__Directions__: Word for word, transcribe the data below from the line with "Диск отрезной по металлу EDGE by PATRIOT, 115х1.0х22.23" to the line with "100W5A�p�^�֙C�", keeping both of those lines.

__Records for processing__:
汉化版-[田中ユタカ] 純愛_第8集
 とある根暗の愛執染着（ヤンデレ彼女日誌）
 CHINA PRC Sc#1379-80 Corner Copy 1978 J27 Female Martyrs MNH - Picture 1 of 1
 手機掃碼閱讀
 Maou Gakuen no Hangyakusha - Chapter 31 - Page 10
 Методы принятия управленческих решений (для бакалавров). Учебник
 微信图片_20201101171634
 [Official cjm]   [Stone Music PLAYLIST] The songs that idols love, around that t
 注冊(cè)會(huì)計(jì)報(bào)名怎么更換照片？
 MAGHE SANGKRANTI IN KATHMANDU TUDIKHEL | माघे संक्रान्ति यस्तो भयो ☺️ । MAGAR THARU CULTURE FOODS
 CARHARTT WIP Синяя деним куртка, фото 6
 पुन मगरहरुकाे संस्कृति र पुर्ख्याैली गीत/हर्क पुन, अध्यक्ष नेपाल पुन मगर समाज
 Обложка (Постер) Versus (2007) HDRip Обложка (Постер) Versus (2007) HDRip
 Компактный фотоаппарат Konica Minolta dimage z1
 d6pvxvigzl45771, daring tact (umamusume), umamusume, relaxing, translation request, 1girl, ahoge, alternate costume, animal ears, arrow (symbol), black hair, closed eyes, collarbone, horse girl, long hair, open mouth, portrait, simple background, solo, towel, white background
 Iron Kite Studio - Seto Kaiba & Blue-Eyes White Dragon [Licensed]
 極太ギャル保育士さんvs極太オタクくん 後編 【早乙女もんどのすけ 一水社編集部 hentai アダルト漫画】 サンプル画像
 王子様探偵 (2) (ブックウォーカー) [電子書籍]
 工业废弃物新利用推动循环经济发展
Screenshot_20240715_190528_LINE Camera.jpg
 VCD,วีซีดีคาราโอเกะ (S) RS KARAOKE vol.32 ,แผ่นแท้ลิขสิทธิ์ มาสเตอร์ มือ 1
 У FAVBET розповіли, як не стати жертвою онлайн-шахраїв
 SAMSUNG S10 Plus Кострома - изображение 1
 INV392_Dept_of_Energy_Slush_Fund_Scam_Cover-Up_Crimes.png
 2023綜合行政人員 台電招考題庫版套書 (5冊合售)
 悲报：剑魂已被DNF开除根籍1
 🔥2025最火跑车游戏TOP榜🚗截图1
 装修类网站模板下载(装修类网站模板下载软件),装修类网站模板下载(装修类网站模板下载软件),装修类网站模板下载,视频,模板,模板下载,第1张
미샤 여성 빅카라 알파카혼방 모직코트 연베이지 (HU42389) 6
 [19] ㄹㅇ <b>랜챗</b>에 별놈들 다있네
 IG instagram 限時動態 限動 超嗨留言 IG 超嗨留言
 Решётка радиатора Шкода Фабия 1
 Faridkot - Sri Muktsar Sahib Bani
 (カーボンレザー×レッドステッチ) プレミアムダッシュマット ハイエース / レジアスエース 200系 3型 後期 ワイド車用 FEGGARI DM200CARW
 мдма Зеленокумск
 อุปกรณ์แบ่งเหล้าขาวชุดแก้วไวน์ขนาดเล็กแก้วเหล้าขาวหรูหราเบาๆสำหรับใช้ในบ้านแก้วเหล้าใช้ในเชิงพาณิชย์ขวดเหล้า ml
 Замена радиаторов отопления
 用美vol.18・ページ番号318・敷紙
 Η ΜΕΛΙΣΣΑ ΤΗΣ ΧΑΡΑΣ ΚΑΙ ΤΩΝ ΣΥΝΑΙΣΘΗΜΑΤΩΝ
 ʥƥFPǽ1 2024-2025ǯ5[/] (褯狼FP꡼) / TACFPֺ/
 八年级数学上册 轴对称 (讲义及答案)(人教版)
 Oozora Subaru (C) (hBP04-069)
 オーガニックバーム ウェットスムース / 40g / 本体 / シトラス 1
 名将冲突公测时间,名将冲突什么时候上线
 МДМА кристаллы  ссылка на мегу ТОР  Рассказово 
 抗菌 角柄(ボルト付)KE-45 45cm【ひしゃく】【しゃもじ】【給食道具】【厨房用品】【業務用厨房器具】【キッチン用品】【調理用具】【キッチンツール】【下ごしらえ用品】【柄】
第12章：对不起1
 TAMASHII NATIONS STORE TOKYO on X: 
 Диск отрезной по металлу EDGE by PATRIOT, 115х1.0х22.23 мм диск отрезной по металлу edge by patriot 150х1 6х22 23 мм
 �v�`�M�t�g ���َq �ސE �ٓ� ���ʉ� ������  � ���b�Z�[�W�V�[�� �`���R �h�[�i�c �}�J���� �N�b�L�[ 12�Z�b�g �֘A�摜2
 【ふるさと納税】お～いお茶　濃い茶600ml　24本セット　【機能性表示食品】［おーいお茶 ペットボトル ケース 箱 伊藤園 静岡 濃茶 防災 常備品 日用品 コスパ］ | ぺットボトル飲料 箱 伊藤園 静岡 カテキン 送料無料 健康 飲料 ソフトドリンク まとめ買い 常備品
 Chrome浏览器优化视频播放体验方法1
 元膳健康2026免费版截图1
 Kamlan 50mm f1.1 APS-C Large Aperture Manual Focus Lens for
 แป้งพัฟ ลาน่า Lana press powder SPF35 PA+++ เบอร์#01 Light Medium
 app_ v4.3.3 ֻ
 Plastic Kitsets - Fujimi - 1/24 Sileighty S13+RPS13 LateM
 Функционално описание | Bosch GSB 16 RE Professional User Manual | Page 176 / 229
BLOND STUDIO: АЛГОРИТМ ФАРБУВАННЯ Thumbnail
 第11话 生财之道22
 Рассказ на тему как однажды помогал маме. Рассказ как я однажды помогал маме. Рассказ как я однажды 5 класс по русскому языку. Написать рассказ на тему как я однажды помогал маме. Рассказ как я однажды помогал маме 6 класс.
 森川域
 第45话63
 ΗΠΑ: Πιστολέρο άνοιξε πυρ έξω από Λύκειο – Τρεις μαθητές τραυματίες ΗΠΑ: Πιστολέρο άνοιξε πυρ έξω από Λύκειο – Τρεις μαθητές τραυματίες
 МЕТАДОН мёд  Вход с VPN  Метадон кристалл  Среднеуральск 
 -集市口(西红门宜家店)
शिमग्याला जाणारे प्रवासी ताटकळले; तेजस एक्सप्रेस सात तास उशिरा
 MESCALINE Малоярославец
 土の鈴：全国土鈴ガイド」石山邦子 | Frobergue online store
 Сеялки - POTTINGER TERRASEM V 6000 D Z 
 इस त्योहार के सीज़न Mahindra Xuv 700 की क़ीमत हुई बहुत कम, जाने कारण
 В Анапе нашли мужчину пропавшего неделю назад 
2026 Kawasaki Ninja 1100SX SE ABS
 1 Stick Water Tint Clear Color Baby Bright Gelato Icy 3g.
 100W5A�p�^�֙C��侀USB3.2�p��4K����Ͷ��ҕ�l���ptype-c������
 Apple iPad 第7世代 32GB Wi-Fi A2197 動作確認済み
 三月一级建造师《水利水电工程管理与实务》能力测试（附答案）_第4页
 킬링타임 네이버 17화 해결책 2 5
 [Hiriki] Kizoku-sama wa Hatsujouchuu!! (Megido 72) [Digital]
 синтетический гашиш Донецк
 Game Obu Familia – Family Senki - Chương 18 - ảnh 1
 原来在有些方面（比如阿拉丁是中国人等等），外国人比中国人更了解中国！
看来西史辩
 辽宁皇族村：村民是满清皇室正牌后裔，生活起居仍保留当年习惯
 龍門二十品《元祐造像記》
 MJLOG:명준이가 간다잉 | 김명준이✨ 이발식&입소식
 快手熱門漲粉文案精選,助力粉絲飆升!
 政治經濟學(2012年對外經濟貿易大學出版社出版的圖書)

__Solution to the problem__:
 Диск отрезной по металлу EDGE by PATRIOT, 115х1.0х22.23 мм диск отрезной по металлу edge by patriot 150х1 6х22 23 мм
 �v�`�M�t�g ���َq �ސE �ٓ� ���ʉ� ������  � ���b�Z�[�W�V�[�� �`���R �h�[�i�c �}�J���� �N�b�L�[ 12�Z�b�g �֘A�摜2
 【ふるさと納税】お～いお茶　濃い茶600ml　24本セット　【機能性表示食品】［おーいお茶 ペットボトル ケース 箱 伊藤園 静岡 濃茶 防災 常備品 日用品 コスパ］ | ぺットボトル飲料 箱 伊藤園 静岡 カテキン 送料無料 健康 飲料 ソフトドリンク まとめ買い 常備品
 Chrome浏览器优化视频播放体验方法1
 元膳健康2026免费版截图1
 Kamlan 50mm f1.1 APS-C Large Aperture Manual Focus Lens for
 แป้งพัฟ ลาน่า Lana press powder SPF35 PA+++ เบอร์#01 Light Medium
 app_ v4.3.3 ֻ
 Plastic Kitsets - Fujimi - 1/24 Sileighty S13+RPS13 LateM
 Функционално описание | Bosch GSB 16 RE Professional User Manual | Page 176 / 229
BLOND STUDIO: АЛГОРИТМ ФАРБУВАННЯ Thumbnail
 第11话 生财之道22
 Рассказ на тему как однажды помогал маме. Рассказ как я однажды помогал маме. Рассказ как я однажды 5 класс по русскому языку. Написать рассказ на тему как я однажды помогал маме. Рассказ как я однажды помогал маме 6 класс.
 森川域
 第45话63
 ΗΠΑ: Πιστολέρο άνοιξε πυρ έξω από Λύκειο – Τρεις μαθητές τραυματίες ΗΠΑ: Πιστολέρο άνοιξε πυρ έξω από Λύκειο – Τρεις μαθητές τραυματίες
 МЕТАДОН мёд  Вход с VPN  Метадон кристалл  Среднеуральск 
 -集市口(西红门宜家店)
शिमग्याला जाणारे प्रवासी ताटकळले; तेजस एक्सप्रेस सात तास उशिरा
 MESCALINE Малоярославец
 土の鈴：全国土鈴ガイド」石山邦子 | Frobergue online store
 Сеялки - POTTINGER TERRASEM V 6000 D Z 
 इस त्योहार के सीज़न Mahindra Xuv 700 की क़ीमत हुई बहुत कम, जाने कारण
 В Анапе нашли мужчину пропавшего неделю назад 
2026 Kawasaki Ninja 1100SX SE ABS
 1 Stick Water Tint Clear Color Baby Bright Gelato Icy 3g.
 100W5A�p�^�֙C��侀USB3.2�p��4K����Ͷ��ҕ�l���ptype-c������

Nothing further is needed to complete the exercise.